Work instructions – Leaving out all pictures, copy the lines below exactly, from the line with "文件格式不对怎么修改呢苹果电脑怎么打开" to the last line, both ends included.

(Collected data begins)

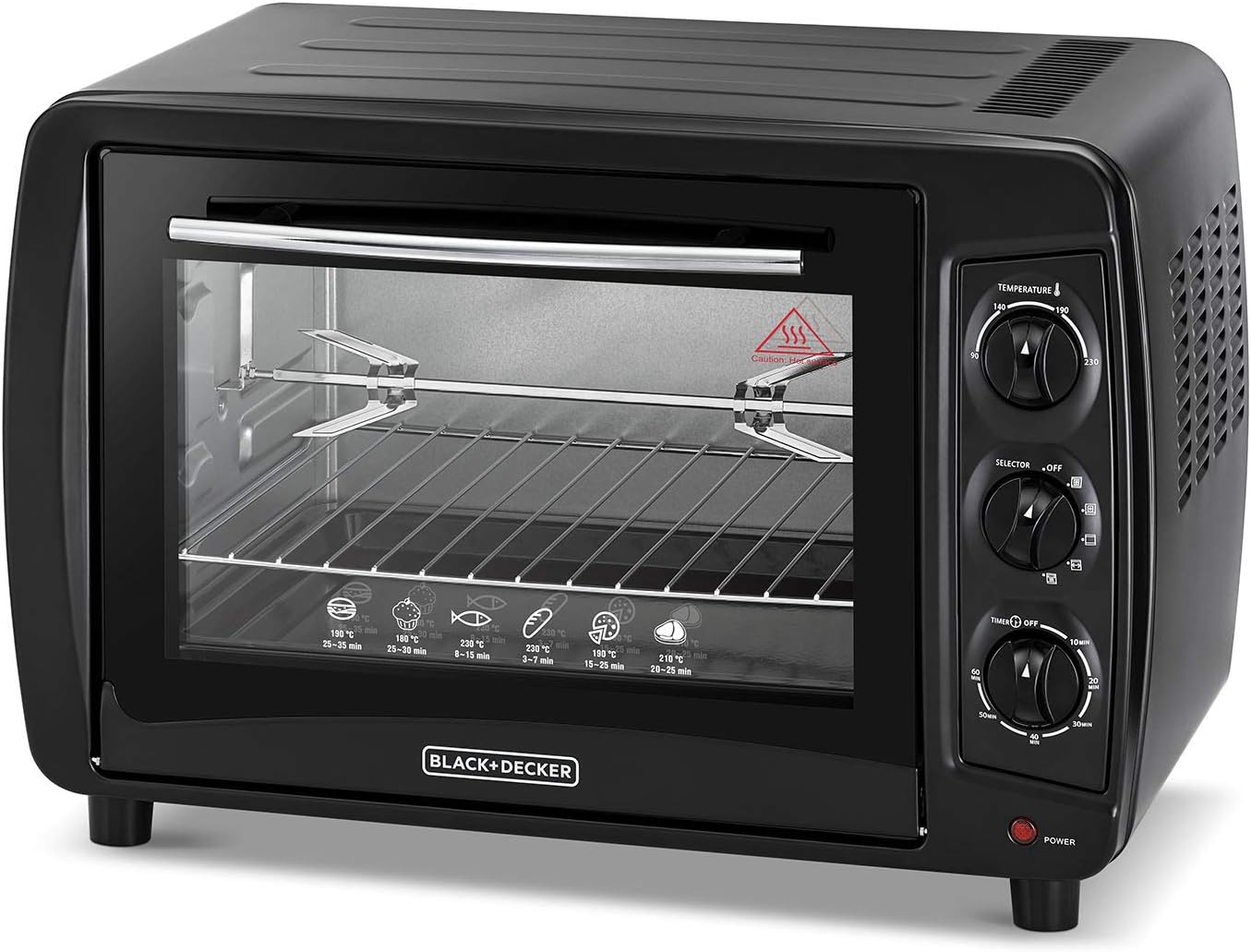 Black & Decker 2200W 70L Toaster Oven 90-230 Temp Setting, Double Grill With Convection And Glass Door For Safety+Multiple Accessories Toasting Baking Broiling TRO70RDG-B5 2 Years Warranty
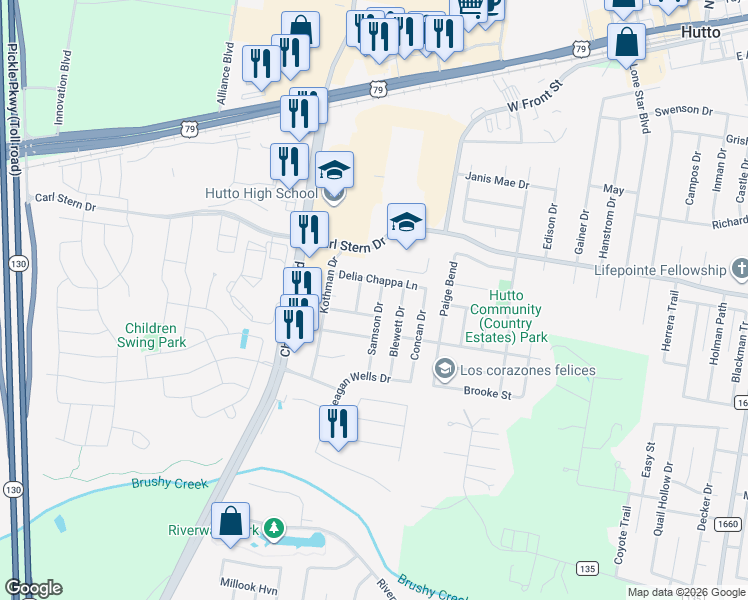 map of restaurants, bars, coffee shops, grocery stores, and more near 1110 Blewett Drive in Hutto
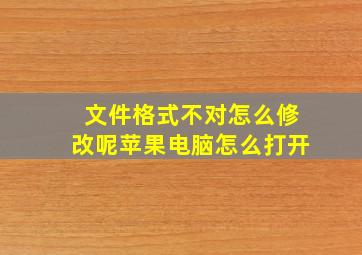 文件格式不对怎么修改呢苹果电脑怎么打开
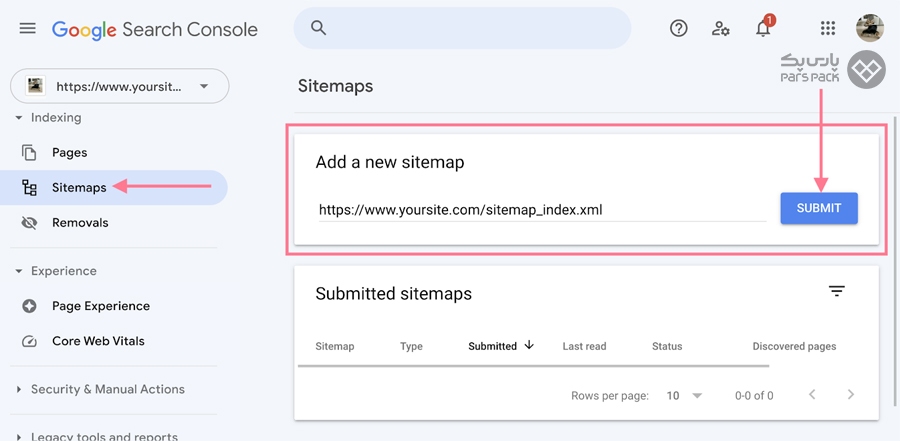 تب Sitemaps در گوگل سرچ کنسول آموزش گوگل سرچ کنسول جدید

(Collected data ends)

Reply to the exercise –
 文件格式不对怎么修改呢苹果电脑怎么打开
 تب Sitemaps در گوگل سرچ کنسول آموزش گوگل سرچ کنسول جدید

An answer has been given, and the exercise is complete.